Solr River Plugin for ElasticSearch
The Solr River plugin allows to import data from Apache Solr to elasticsearch.
In order to install the plugin, simply run: bin/plugin -install javanna/elasticsearch-river-solr/1.0.0
.
Versions
Solr River Plugin | ElasticSearch |
master | 0.19.3 -> master |
1.0.0 | 0.19.3 -> master |
You might be able to use the river with older versions of elasticsearch, but the tests included with the project run successfully only with version 0.19.3 or higher, the first version using Lucene 3.6.
Getting Started
The Solr River allows to query a running Solr instance and index the returned documents.
It uses the SolrJ library to communicate with Solr.
The SolrJ version in use and distributed with the plugin is 3.6.1.

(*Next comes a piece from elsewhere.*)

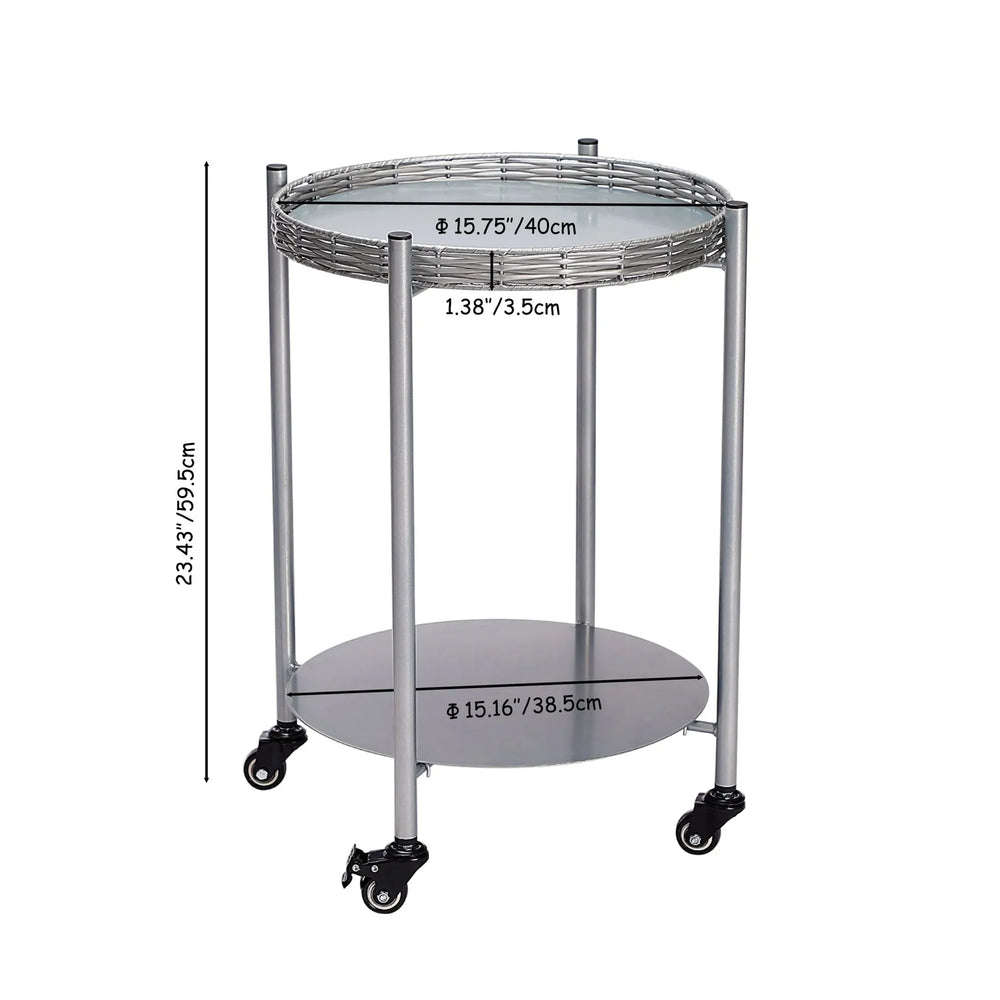 Round Coffee Table Metal 2-Tier On Wheels & Silver Finish For Living Room Media 7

Although it's recommended to send queries using the same version that is installed on the Solr server, it's possible to query other Solr versions.
The default format used is javabin but you can solve compatibility issues just switching to the xml format using the wt parameter.
All the common query parameters are supported.
Installation
Here is how you can easily create the river and index data from Solr, just providing the solr url and the query to execute:
curl -XPUT localhost:9200/_river/solr_river/_meta -d '
{
"type" : "solr",
"solr" : {
"url" : "http://localhost:8080/solr/",
"q" : "*:*"
}
}'
All parameters are optional. The following example request contains all the possible parameters that you can use together with all the default values.
{
"type" : "solr",
"solr" : {
"url" : "http://localhost:8983/solr/",
"q" : "*:*",
"fq" : "",
"fl" : "",
"wt" : "javabin",
"qt" : "",
"uniqueKey" : "id",
"rows" : 10
},
"index" : {
"index" : "solr",
"type" : "import",
"bulk_size" : 100,
"max_concurrent_bulk" : 10,
"mapping" : "",
"settings": ""
}
}
The fq and fl parameters can be provided as either an array or a single value. You can provide your own mapping while creating the river, as well as the index settings, which will be used when creating the new index if needed. The index is created when not already existing, otherwise the documents are added to the existing one. The documents are indexed using the bulk api. You can control the size of each bulk (default 100) and the maximum number of concurrent bulk operations (default is 10). Once the limit is reached the indexing will slow down, waiting for one of the bulk operations to finish its work; no documents will be lost.
Limitations
- only stored fields can be retrieved from Solr, therefore indexed in elasticsearch
- the river is not meant to keep elasticsearch in sync with Solr, but only to import data once. It's possible to register the river multiple times in order to import different sets of documents though, even from different solr instances.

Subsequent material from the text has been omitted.